If you wish to copy their success, here is how the method works:

Step 1: Recruit Observers

Finding the right people to observe customers can be tricky. The observer’s job will be to track a customer from the moment they walk in, and follow them through the store as they shop until they exit the store.

This observer needs to be someone who will not alarm shoppers, nor call attention to themselves. As Harvey noted in her diary, employees also make poor choices. After all, they should all be serving customers. And they are too well known to regular customers to be inconspicuous.

Harvey hit on ideal observers by recruiting ladies from a local gardening club. First, the two volunteers she recruited were older, and so would not worry most shoppers even if they noticed she was following them. Second, the women did not have a vested interest in the outcome. A bonus for Harvey was that the two she selected had an attention for detail.

Step 2: Decide What To Observe

The data you can collect simply from observing customers is vast.

There are the basics: Age, gender, whether they are shopping alone, with family or with friends, the quality of the clothing or car driven. Another basic observation is the length of time a customer spent in the store.

It’s important to gather these basic observations, since they will help you analyze your results later.

Then there is behavior. Do customers walk purposely to a department or look at only one product category? Or do they stroll through the store, picking up several items to buy? Do they use a chart? Do they speak to staff? Do they read signs? Which displays draw the most attention? Which path do they take through the store? Do they make purchases?

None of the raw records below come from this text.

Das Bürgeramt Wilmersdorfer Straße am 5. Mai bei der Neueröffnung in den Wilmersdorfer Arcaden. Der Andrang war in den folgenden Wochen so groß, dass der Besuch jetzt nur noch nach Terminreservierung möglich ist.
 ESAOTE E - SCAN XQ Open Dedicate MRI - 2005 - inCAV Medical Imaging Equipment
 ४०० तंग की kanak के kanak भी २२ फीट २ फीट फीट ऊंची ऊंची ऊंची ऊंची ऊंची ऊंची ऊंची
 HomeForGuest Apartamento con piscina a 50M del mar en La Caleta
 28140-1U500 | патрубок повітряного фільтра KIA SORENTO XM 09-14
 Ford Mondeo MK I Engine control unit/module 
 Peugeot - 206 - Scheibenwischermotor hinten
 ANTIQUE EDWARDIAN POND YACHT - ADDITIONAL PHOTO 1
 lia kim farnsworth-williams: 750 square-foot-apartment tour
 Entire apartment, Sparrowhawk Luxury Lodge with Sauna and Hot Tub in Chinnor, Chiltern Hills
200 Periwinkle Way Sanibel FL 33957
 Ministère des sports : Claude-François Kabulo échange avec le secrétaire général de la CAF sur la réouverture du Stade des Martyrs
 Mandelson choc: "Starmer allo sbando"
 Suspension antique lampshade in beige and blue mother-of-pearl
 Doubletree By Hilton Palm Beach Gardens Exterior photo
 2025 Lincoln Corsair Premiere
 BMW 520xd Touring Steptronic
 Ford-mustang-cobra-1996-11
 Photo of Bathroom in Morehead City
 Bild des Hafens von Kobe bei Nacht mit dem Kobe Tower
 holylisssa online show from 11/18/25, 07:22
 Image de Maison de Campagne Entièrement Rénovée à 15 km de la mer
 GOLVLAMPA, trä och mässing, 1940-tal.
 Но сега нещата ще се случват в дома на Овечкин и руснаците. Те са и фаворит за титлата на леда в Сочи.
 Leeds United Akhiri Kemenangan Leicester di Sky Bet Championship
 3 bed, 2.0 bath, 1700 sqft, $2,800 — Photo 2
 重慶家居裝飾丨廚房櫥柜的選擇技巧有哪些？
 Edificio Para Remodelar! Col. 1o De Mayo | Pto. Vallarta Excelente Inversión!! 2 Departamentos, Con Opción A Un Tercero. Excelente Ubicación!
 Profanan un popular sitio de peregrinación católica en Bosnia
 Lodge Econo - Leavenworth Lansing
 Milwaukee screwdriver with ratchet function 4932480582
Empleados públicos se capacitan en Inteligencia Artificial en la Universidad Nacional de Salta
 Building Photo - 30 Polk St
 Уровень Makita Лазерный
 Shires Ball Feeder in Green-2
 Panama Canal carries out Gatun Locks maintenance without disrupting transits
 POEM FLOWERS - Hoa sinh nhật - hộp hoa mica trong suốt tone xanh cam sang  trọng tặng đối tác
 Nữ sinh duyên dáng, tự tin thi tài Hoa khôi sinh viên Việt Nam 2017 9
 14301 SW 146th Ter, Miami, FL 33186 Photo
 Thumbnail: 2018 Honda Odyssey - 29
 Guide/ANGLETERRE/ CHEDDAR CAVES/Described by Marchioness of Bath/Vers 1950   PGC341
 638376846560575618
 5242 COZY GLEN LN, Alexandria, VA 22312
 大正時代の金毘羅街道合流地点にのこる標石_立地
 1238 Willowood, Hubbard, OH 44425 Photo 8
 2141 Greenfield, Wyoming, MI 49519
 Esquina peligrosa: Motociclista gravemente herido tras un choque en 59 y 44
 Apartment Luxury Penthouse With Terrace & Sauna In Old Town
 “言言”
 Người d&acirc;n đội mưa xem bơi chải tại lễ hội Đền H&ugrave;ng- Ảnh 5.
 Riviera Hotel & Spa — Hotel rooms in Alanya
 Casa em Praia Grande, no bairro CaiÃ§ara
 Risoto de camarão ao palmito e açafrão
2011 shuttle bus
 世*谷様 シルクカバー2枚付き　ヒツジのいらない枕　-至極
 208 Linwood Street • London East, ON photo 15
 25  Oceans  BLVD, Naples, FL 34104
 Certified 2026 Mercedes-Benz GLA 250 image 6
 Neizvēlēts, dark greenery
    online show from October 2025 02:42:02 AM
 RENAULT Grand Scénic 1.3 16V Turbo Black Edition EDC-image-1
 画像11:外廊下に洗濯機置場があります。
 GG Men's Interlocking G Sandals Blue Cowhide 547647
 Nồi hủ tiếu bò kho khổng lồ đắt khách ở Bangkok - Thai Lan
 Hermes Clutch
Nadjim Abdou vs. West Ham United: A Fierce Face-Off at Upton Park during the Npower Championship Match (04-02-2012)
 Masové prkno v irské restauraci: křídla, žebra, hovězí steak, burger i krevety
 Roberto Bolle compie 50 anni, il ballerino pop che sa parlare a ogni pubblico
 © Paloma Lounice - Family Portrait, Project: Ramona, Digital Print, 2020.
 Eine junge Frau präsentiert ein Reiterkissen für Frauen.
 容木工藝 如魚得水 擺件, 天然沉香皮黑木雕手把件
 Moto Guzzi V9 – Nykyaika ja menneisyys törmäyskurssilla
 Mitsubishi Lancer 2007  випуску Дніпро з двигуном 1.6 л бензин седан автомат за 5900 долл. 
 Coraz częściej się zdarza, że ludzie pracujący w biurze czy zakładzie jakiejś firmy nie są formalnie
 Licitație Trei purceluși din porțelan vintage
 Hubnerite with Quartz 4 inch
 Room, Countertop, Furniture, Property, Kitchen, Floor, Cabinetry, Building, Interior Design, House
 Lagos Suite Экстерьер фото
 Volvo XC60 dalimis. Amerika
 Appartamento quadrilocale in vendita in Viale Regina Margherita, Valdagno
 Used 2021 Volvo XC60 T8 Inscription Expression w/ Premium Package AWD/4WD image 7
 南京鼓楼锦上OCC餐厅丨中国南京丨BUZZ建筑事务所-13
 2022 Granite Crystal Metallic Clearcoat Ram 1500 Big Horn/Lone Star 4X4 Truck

And how many of those purchases were made after speaking with staff? How many were added to their carts during check out? And, most importantly, what did they buy?

One last area you will want to include on your list is a general comments section. Some of Harvey’s most valuable information came from observations that did not easily fit into any of the preset categories she assigned to her garden club ladies.

Whichever of these items you select, make sure that your observers are consistent in recording what happens in each category.

Step 3: Record The Results

Harvey collected the notes from her observers and organized them in a spreadsheet. Doing so allowed her to sort through her data easily, finding important patterns like which groups were most likely to buy.

It wasn’t until the data was compiled in her spreadsheet that Harvey realized that the customers most likely to make purchases, and large purchases at that, were 30-something couples, not the 60-something females, as she expected.

Below is a sampling of the data that Harvey’s garden club ladies gathered.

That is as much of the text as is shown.